敵を斬り続け、やっと静まり返った御所周辺。
「・・・終わった?」
「終わった・・・のか?」
パンパン
パンパン
争いの終わりを知らせる合図が、鳴り響く。
信じられないといった男達の表情。理解するのに時間がかかる・・・
「やったっ!終わったっ!」
藤堂がそう叫んで、男達は歓喜をあげた。
「やったね!ちぃちゃんっ!」
振り返ると、そこには、居たはずの千夜は居なかった。
「あのバカっ!」
山崎が口を開いたと思ったら走り出す。
何がなんだかわからないが、山崎を追う男達。
行き着いた先に、女は倒れていた。
岩倉と共に・・・・
「・・・ちぃちゃん。」
「おいおい、嘘だろ!千夜っ!」
「なにしとんねん!」
沖田は死んでると思って体を揺らすが、
「・・・痛いってば!」
「死んだかと思っただろ!」
「勝手に殺さないでよ。
動けないから、私の魂だけ飛ばしたんだよ。
言ったでしょ?————死ぬ気はないって。

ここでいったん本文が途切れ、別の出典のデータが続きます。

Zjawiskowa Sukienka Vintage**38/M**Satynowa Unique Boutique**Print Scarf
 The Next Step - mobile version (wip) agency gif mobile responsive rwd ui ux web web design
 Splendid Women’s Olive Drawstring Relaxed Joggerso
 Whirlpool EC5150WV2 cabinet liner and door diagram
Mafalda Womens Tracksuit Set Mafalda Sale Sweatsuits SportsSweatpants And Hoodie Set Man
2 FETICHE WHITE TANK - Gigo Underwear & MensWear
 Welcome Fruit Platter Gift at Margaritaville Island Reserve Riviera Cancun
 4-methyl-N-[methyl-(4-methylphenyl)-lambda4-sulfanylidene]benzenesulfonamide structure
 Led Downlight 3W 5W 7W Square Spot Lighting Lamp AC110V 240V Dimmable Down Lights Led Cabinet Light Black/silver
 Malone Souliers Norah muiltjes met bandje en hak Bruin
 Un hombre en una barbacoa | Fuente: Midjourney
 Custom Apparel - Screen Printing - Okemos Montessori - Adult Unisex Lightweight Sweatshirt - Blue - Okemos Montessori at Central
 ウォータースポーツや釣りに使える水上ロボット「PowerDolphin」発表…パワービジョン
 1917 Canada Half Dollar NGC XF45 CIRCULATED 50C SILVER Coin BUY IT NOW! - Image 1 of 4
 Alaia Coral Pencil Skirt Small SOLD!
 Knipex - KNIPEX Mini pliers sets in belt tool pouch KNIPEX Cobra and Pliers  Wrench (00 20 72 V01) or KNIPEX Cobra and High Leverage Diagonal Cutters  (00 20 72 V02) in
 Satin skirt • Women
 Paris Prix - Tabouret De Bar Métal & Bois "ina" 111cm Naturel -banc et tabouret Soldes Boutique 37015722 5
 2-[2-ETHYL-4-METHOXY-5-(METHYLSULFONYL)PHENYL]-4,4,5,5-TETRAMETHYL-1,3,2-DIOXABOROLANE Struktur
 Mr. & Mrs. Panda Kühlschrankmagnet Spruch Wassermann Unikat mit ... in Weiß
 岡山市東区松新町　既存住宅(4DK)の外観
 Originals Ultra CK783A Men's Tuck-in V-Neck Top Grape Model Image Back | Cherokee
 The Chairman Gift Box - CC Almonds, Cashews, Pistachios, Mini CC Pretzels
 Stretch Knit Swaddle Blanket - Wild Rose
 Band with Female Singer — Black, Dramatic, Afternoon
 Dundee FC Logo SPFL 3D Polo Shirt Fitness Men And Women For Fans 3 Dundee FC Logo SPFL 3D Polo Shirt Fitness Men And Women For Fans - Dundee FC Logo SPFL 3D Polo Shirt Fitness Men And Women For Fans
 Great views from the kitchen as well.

」
男達は、ため息である。
沖田はホッと胸を撫で下ろし、横に寝転がった。
「空、綺麗だね。」
青く澄みわたる空
「うん。終わったね。」
「このままなら、死んでもいいかも。」
バシッバシッ
「おい、テメェら!!何、今から死んじゃいます的な空気を醸し出してんだよっ!
死なせてやんねぇからな!」
ガサゴソと紙を取り出した土方、千夜が念を込めた紙だ。
『新選組に告ぐ。バカ組長二名重症!
何が何でも生かせっ!
とりあえず、御所に運ぶの手伝いやがれっっ! !』
「無茶苦茶言ってるよあの人。自分も重症の癖にさ・・・」
「やせ我慢じゃない?
隊士に運ばれるの無様だしね・・・」
「僕たち今から運ばれるから、無様はやめようね?ちぃちゃん。」
終わった・・・戦いが・・・
————終わったんだね。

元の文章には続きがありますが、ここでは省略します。